Sedikit marah dan kesal menuju ke Super Over: Chris Gayle |  Berita Kriket

Sedikit marah dan kesal menuju ke Super Over: Chris Gayle | Berita Kriket

Hongkong Prize

DUBAI: Chris Gayle yang sukses mengungkapkan bahwa dia merasa “marah dan kesal” masuk ke Super Over setelah Kings XI Punjab berada dalam posisi yang nyaman untuk memenangkan pertandingan IPL melawan Mumbai Indian dalam periode regulasi.
Setelah mengalahkan Royal Challengers Bangalore dari bola terakhir, KXIP sekali lagi menemukan diri mereka melakukan pengejaran terlalu dalam melawan Mumbai, memimpin pertandingan ke dua Super Overs pada hari Minggu.
Mengejar 11 run di Super Over kedua, “Universe Boss” memecahkan enam bola pertama sebelum pembuka Mayank Agarwal menghancurkan empat berturut-turut untuk memberi KXIP kemenangan kedua berturut-turut.
“Tidak, saya tidak gugup.

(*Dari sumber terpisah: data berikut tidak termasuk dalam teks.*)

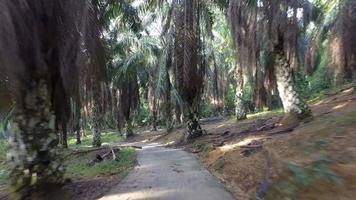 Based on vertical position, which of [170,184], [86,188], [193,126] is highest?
[193,126]

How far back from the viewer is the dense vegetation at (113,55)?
9109 mm

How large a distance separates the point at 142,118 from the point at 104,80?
179 ft

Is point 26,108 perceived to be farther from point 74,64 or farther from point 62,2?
point 62,2

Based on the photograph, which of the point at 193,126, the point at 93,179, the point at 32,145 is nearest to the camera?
the point at 32,145

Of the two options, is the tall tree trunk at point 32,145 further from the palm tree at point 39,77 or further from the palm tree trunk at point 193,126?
the palm tree trunk at point 193,126

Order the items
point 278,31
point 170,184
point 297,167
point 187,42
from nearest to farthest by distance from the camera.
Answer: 1. point 297,167
2. point 170,184
3. point 278,31
4. point 187,42

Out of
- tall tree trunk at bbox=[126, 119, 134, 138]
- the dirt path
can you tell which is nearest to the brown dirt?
the dirt path

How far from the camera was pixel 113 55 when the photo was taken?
69.8 ft

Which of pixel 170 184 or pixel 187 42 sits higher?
pixel 187 42

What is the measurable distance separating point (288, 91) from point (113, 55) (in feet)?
27.4

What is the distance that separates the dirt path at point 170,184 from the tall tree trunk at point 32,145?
1.48 meters

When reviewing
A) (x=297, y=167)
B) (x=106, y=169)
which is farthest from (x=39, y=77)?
(x=106, y=169)

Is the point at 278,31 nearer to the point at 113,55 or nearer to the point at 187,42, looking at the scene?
the point at 187,42

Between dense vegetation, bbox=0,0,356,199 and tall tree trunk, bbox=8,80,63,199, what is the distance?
19 millimetres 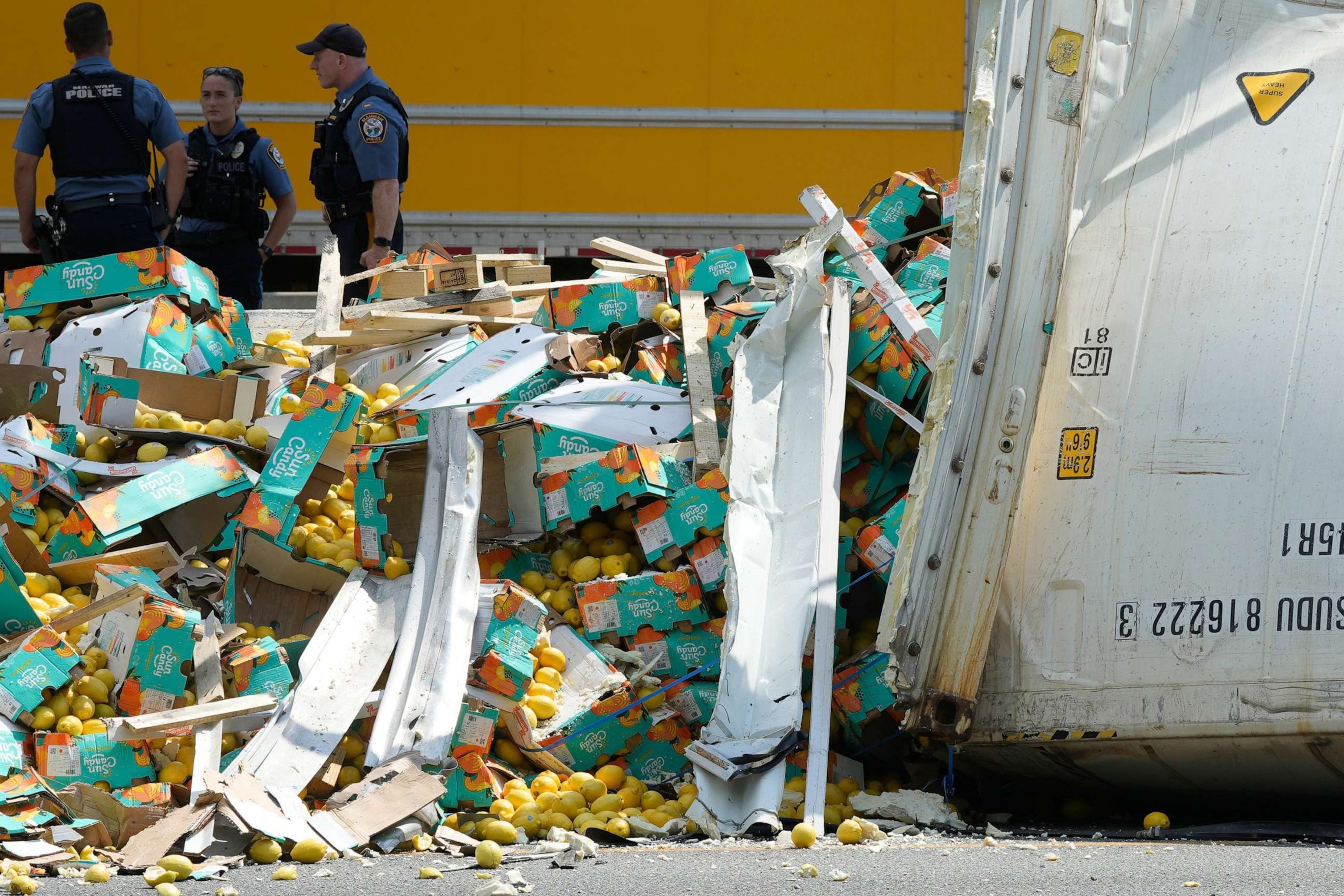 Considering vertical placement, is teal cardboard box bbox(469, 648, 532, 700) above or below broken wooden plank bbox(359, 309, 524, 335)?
below

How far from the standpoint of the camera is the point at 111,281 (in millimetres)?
7238

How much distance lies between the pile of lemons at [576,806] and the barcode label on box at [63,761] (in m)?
1.24

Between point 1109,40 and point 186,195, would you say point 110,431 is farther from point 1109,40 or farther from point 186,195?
point 1109,40

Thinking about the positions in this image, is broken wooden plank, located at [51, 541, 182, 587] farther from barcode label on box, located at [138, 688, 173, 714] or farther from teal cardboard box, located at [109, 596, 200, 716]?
barcode label on box, located at [138, 688, 173, 714]

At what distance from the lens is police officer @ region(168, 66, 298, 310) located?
27.5ft

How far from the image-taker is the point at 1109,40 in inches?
175

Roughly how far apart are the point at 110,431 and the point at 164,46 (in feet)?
13.1

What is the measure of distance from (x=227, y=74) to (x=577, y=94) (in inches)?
87.0

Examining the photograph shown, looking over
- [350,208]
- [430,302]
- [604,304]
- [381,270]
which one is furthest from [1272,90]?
[350,208]

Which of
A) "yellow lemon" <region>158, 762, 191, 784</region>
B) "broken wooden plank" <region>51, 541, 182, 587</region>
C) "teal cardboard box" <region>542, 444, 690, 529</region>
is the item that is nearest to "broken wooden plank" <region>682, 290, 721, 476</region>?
"teal cardboard box" <region>542, 444, 690, 529</region>

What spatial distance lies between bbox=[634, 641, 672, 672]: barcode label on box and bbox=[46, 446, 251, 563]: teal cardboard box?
1876mm

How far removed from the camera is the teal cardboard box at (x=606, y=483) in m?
5.72

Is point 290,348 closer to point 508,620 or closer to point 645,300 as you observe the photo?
point 645,300

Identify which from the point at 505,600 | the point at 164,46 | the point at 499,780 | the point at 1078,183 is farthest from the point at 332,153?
the point at 1078,183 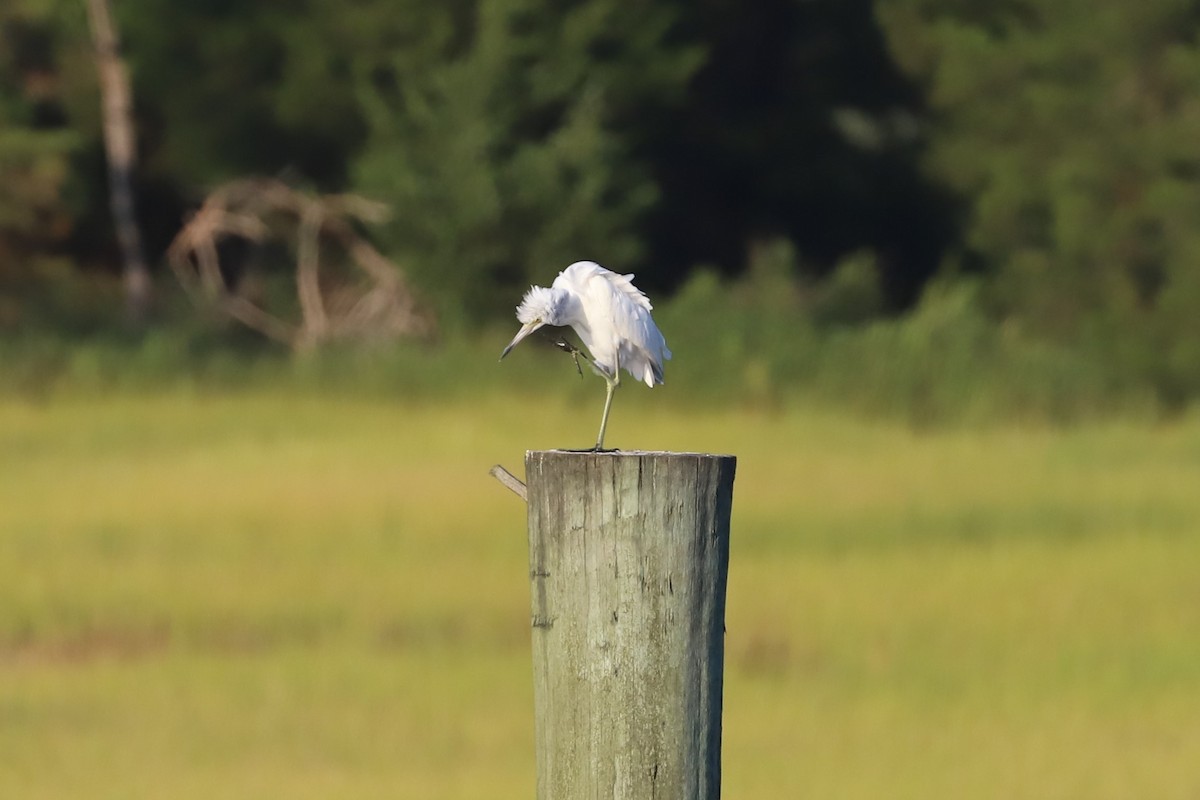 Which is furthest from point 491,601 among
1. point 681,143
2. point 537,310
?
point 681,143

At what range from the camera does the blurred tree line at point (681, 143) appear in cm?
2266

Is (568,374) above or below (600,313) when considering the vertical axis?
above

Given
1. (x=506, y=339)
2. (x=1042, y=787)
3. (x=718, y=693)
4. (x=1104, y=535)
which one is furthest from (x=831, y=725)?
(x=506, y=339)

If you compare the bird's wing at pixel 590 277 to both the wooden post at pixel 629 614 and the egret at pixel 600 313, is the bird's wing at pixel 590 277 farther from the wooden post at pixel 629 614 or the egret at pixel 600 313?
the wooden post at pixel 629 614

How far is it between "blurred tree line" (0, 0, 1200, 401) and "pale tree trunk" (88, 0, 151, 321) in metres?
0.39

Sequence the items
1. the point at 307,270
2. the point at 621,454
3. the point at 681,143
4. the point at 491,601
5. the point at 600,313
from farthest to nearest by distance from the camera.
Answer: the point at 681,143, the point at 307,270, the point at 491,601, the point at 600,313, the point at 621,454

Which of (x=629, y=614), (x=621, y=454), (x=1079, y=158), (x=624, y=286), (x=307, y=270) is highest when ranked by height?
(x=1079, y=158)

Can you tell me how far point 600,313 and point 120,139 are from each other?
20506mm

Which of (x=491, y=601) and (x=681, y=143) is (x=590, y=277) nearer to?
(x=491, y=601)

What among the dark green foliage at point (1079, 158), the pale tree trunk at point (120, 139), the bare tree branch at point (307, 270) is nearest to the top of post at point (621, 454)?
the dark green foliage at point (1079, 158)

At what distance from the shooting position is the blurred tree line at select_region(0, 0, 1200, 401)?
22.7 meters

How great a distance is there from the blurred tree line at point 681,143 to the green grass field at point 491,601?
4317 millimetres

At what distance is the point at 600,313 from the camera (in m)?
4.47

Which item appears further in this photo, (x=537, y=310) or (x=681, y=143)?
(x=681, y=143) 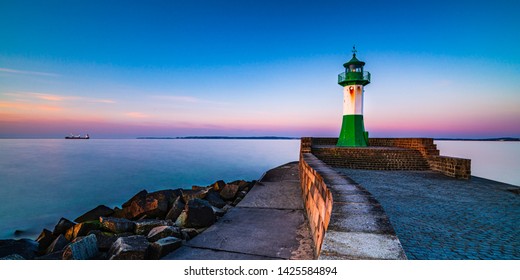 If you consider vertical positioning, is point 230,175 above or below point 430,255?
below

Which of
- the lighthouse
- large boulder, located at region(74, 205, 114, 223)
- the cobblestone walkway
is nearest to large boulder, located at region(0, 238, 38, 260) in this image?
large boulder, located at region(74, 205, 114, 223)

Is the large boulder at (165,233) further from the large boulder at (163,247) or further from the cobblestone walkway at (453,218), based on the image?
the cobblestone walkway at (453,218)

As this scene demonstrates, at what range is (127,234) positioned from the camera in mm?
4875

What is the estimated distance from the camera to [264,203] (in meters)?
6.43

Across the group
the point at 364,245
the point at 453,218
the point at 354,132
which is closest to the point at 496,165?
the point at 354,132

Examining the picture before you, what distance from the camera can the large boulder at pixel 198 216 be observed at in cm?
492

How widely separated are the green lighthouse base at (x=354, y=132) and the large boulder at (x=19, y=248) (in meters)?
13.9

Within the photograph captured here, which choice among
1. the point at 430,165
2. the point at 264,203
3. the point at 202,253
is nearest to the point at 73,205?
the point at 264,203

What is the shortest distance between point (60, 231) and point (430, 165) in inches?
496

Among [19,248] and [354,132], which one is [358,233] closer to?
[19,248]

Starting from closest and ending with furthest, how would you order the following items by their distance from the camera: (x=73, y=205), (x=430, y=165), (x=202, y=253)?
1. (x=202, y=253)
2. (x=73, y=205)
3. (x=430, y=165)

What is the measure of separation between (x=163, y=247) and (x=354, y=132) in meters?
13.4

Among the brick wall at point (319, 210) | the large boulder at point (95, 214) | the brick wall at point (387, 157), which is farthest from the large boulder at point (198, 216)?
the brick wall at point (387, 157)
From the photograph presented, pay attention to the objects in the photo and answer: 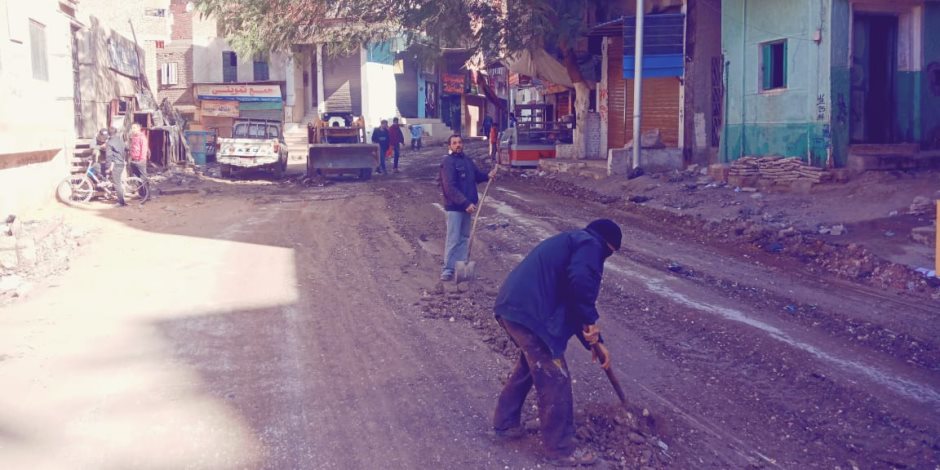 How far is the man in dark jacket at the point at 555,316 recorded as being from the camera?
4984 mm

Saya sedikit lebih marah dan kesal karena kami berada di posisi ini. Tapi ini adalah permainan kriket dan hal-hal ini bisa terjadi,” kata Gayle kepada Agarwal dan Mohammad Shami selama pertunjukan pasca pertandingan. untuk IPLT20.com.
“Bahkan ketika kami akan memukul (di Super Over kedua) Anda bertanya kepada saya ‘siapa yang akan menghadapi bola pertama’. Saya seperti ‘Mayank Anda benar-benar menanyakan pertanyaan itu? Pasti bos yang menghadapi bola pertama ‘, “tambah Gayle.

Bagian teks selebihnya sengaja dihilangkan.